[[ The records open ]]

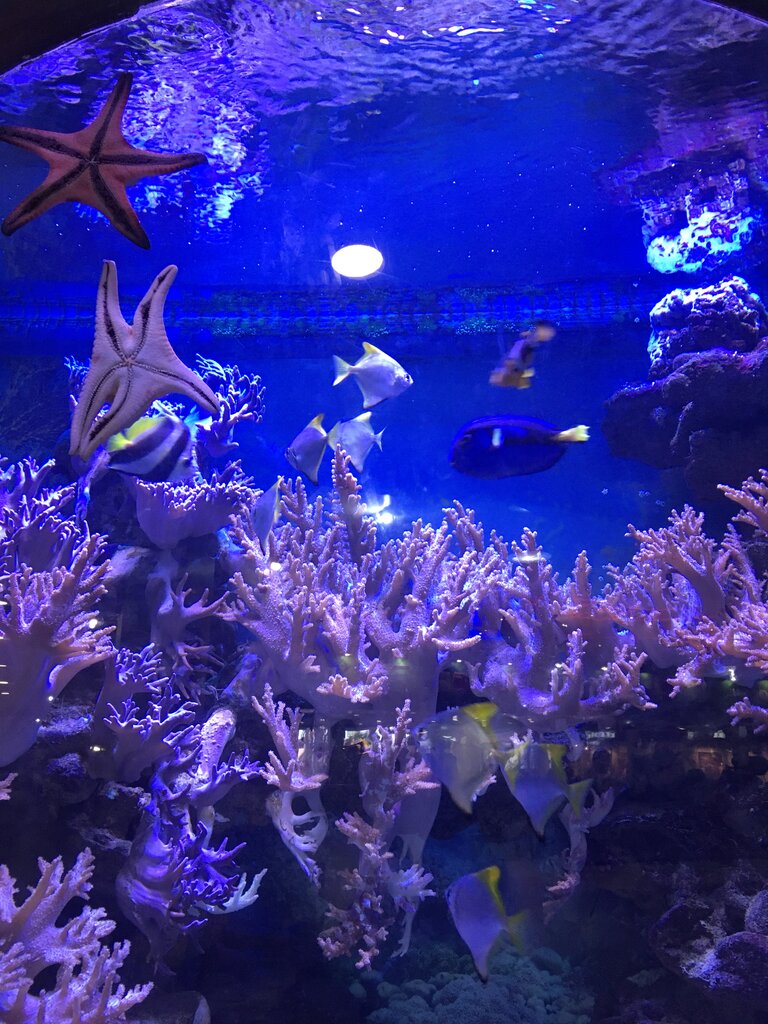 Океанариум волгоград пушкинская карта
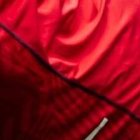 os jugadores suplentes entrenaron bajo la supervisión del técnico Ariel Holan.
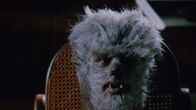 Der Werwolf von Washington – Jack Whittier (Dean Stockwell)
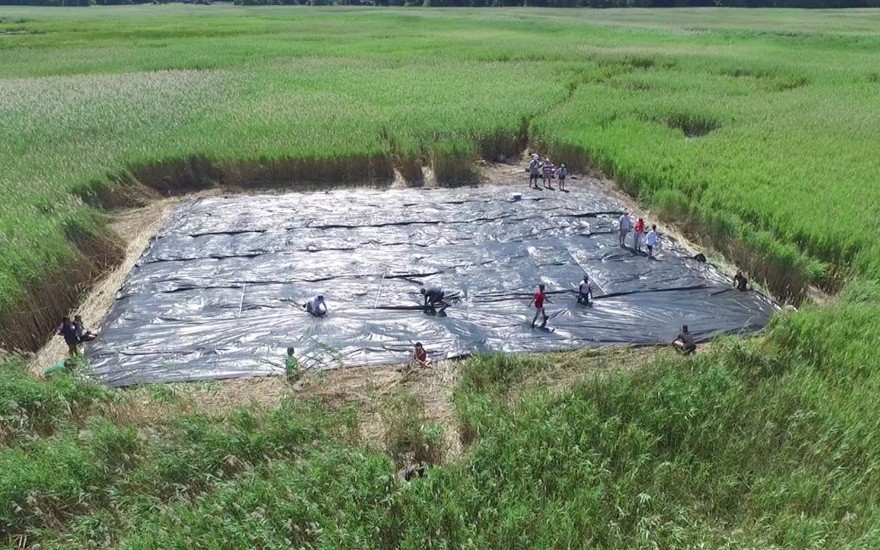 Piermont Marsh, along the Hudson River, has been overtaken by an invasive reed species called phragmites. Students in our high school field work program spent the summer studying the marsh and testing non-chemical methods to restore its native divers SSRFP 2015 Field Work: Piermont Marsh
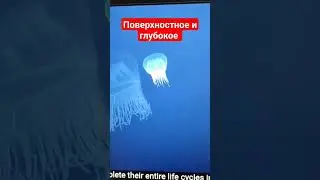 Поверхностное и Глубокое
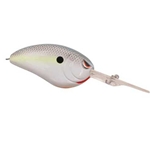 Nasty Shad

[[ The records closed ]]

**Task statement:**
The output must be every line of the records, printed exactly, with the pictures omitted.

**Answer below:**
 Океанариум волгоград пушкинская карта
 os jugadores suplentes entrenaron bajo la supervisión del técnico Ariel Holan.
 Der Werwolf von Washington – Jack Whittier (Dean Stockwell)
 Piermont Marsh, along the Hudson River, has been overtaken by an invasive reed species called phragmites. Students in our high school field work program spent the summer studying the marsh and testing non-chemical methods to restore its native divers SSRFP 2015 Field Work: Piermont Marsh
 Поверхностное и Глубокое
 Nasty Shad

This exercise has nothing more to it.